About

Paper Digest is a fully open-sourced project aim to help researchers and students to filter out the papers that they are interested in.

For the recommendation system part, I simply use strategies similar to those from https://www.scholar-inbox.com:

I extracted the embeddings of all arxiv abstracts in cs and stat from 2017 and stored them in huggingsface dataset — ArxivEmbedding. And this dataset will be updated every day according to Arxiv RSS feed. Two great open sourced embedding models are used to extract the embeddings on Github Actions:
- jasper_en_vision_language_v1
- conan_v1
Then, I just follow scholar-inbox to train a simple logistic regression model to predict the probability of papers, while some more complex sampling strategies are used to make the model more robust.
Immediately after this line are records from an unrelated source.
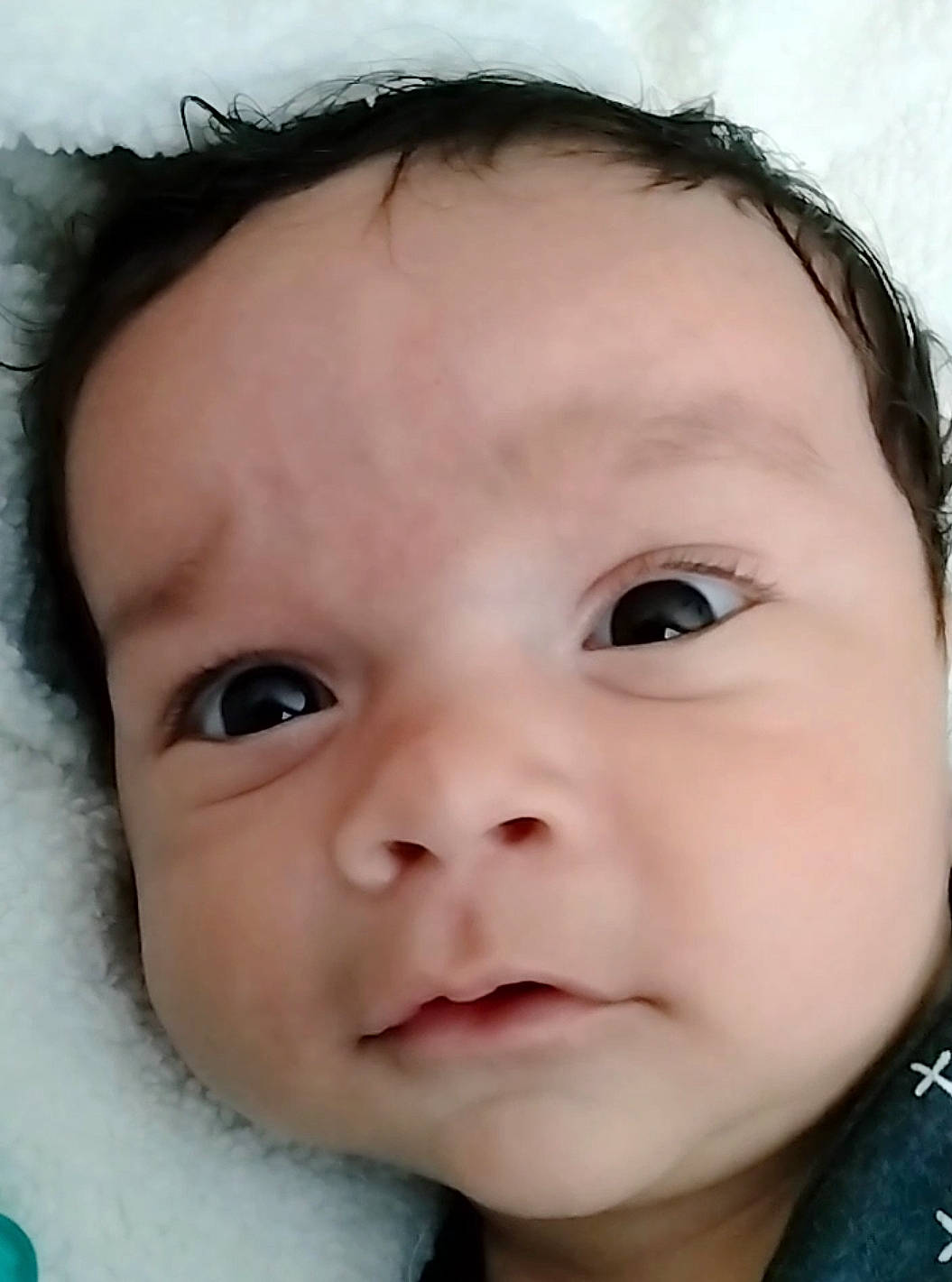 Allen is registered to the contest to win money with this photo: baby, baby_toddler_clothing, cheek, child, close_up, eyebrow, eyelash, fur, happy, iris, lip, mouth, neck, no_expression, nose, person, portrait_photography, skin, smile, toddler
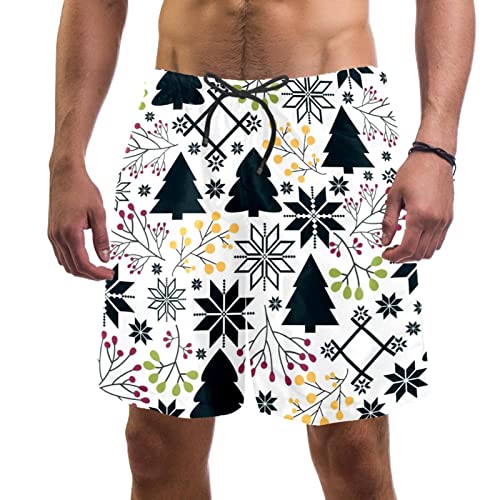 Short de plage à séchage rapide JDEZ pour homme avec motif de Noël confortable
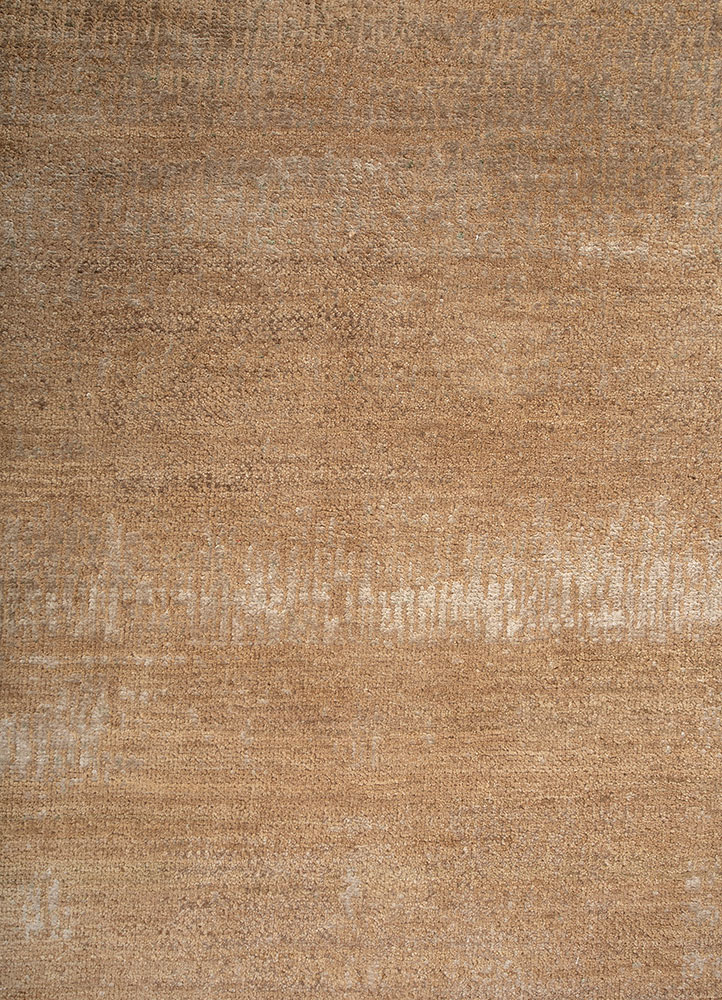 entropy beige and brown wool and silk hand knotted Rug - CloseUp
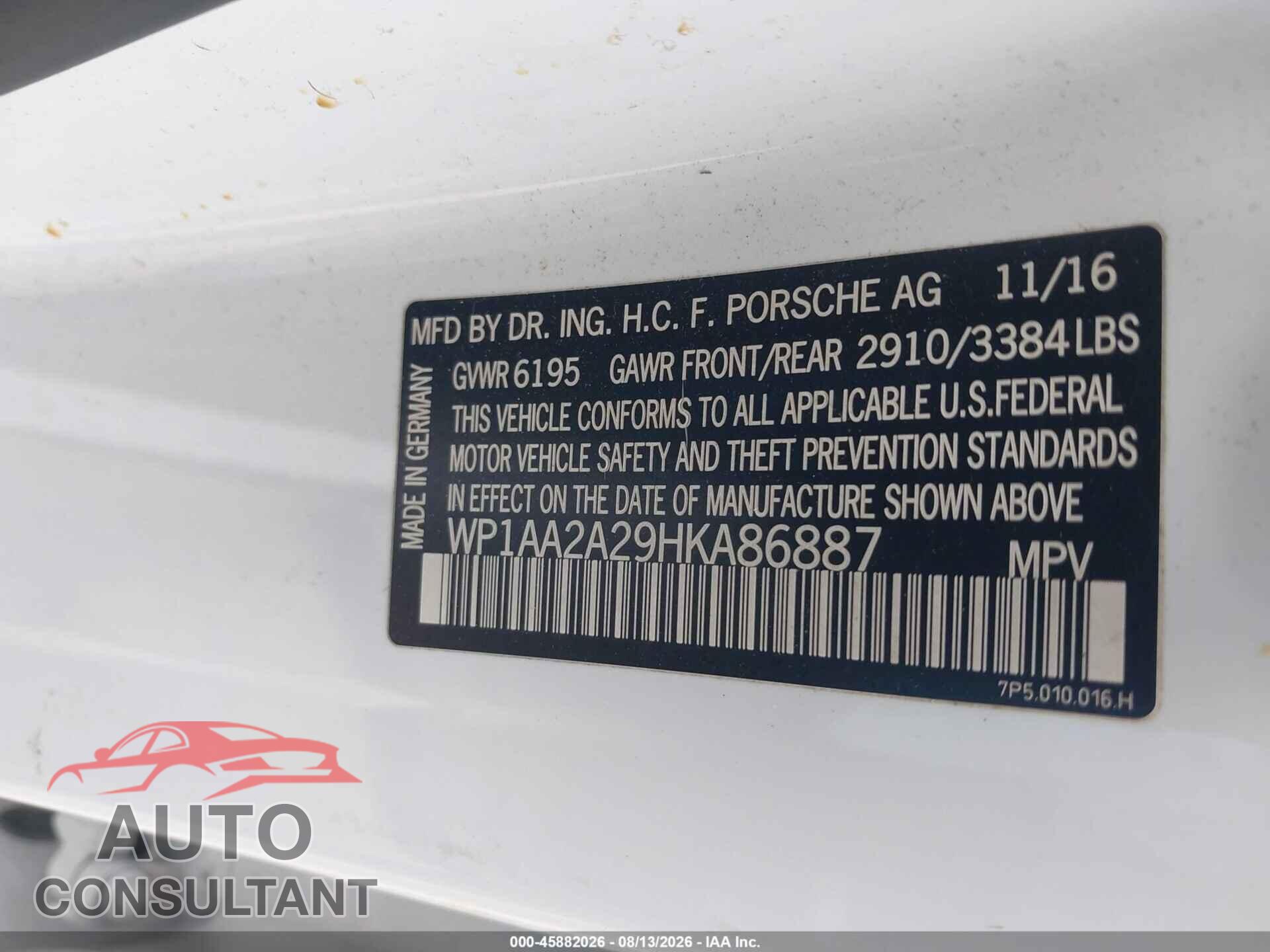 PORSCHE CAYENNE 2017 - WP1AA2A29HKA86887
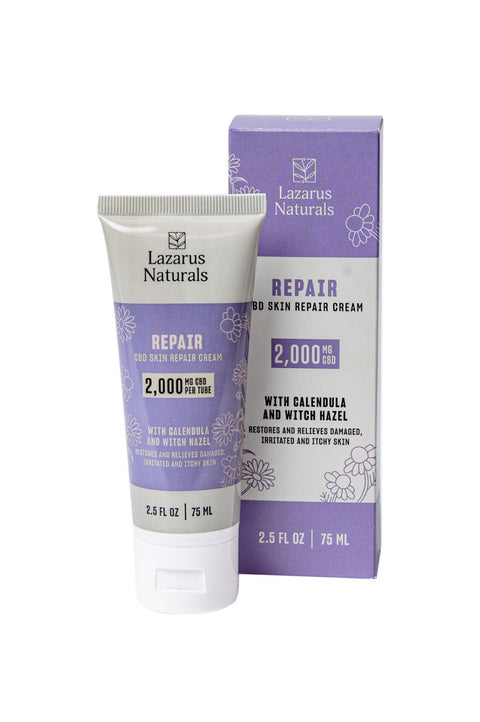 Lazarus Naturals CBD skin repair cream, purple and white package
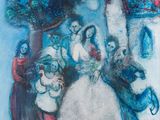 an image of a painting of a group of people in front of a building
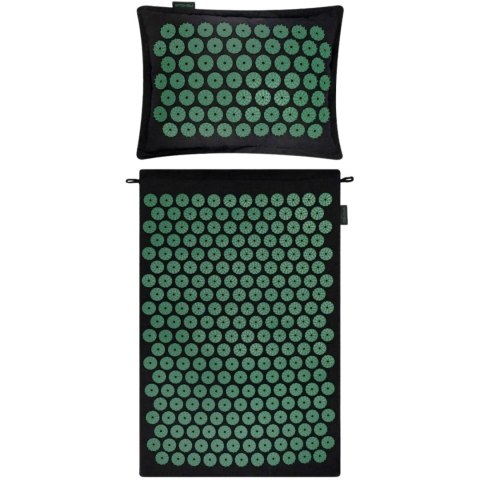 Mata do akupresury i masażu z poduszką Spokey Akumat czarno-zielona 944215 Spokey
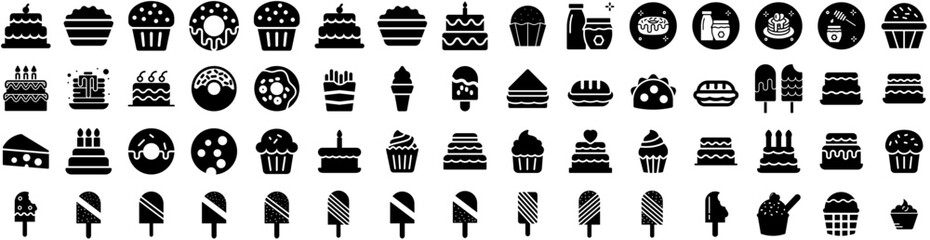 Set Of Dessert Icons Isolated Silhouette Solid Icon With Delicious, Dessert, Pastry, Cake, Sweet, Food, Bakery Infographic Simple Vector Illustration Logo - obrazy, fototapety, plakaty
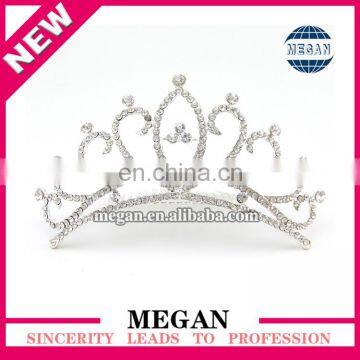 Wholesale Silver Plated Wedding Bridal Tiara Rhinestone Crystal Crown with Hair Comb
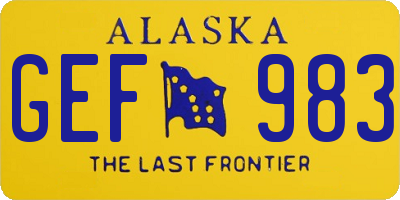 AK license plate GEF983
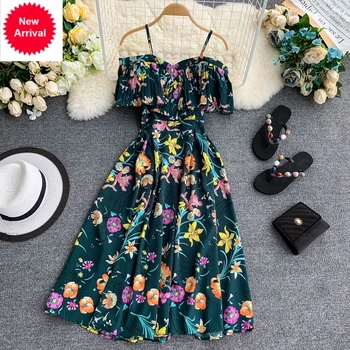 

NEW Vintage Floral Print Summer Boho Ruffles Off Shoulder Midi Long Dress Party Women Casual Spaghetti Strap Beach Autumn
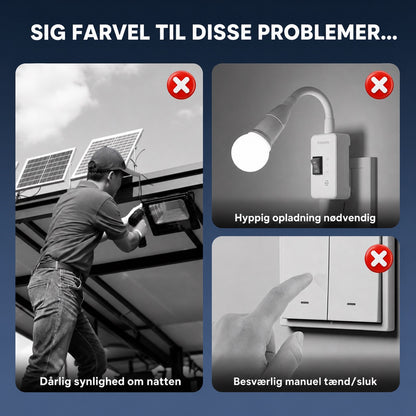 Soldrevet udendørslampe med bevægelsessensor og clipbeslag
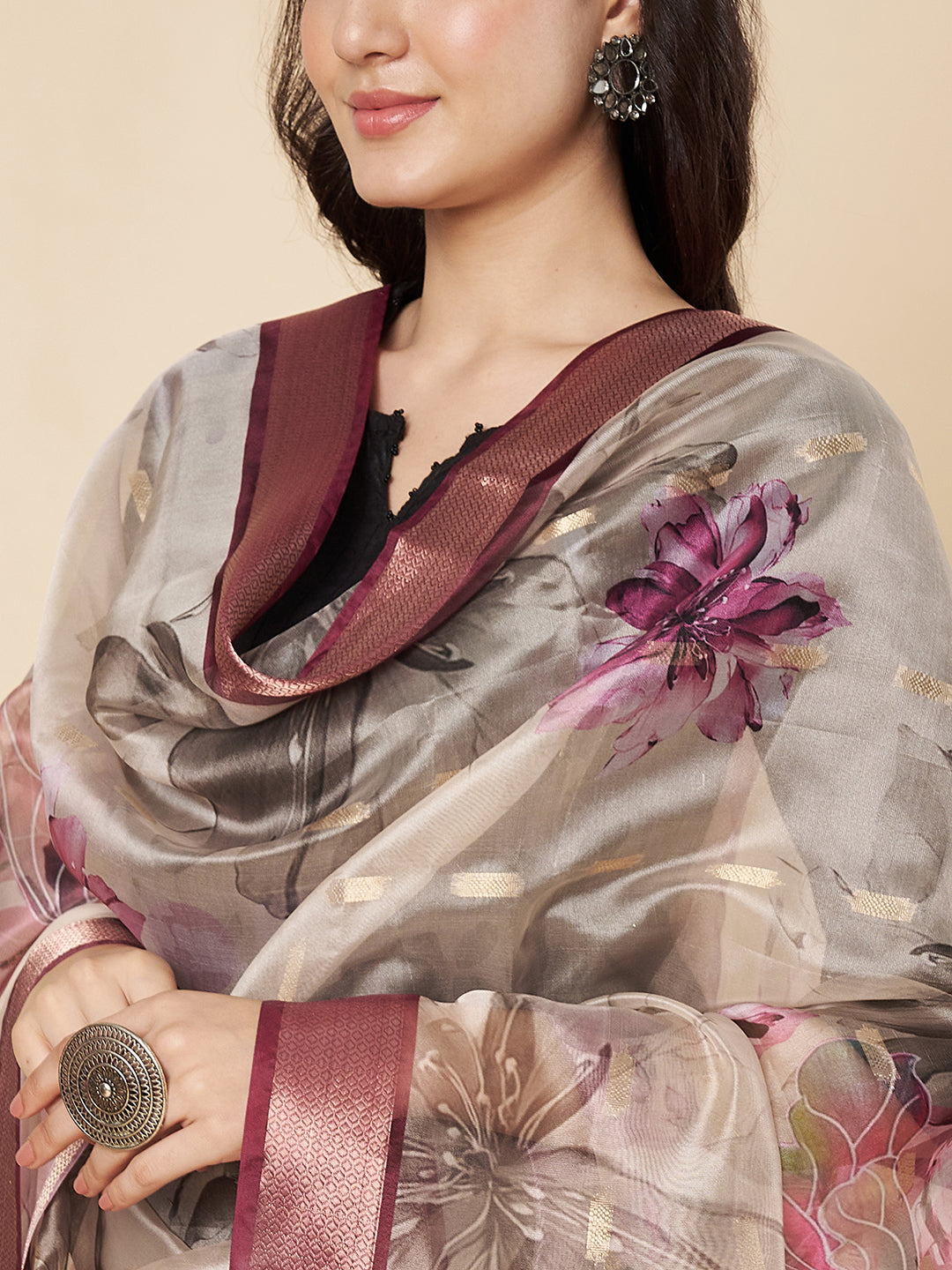 Floral Printed Organza  Dupatta for Women | Ivory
You could also have full control of all the hyper-parameters of the training and recommendation process.
Then, I leverage the monthly 150$ free credits from xAI (using Grok3) to generate the great summary of the recommended papers. I really thank Elon Musk for these free credits.
Finally, I use Astro and the AstroPaper Theme to generate the static website, hosted on Vercel or Cloudflare. Of course, I use giscus to collect my labels to each new paper, which would be used in the next iteration of the recommendation system.

🥳 And I am very happy to say that, all the procedures above are totally free! Thanks for all these great free services!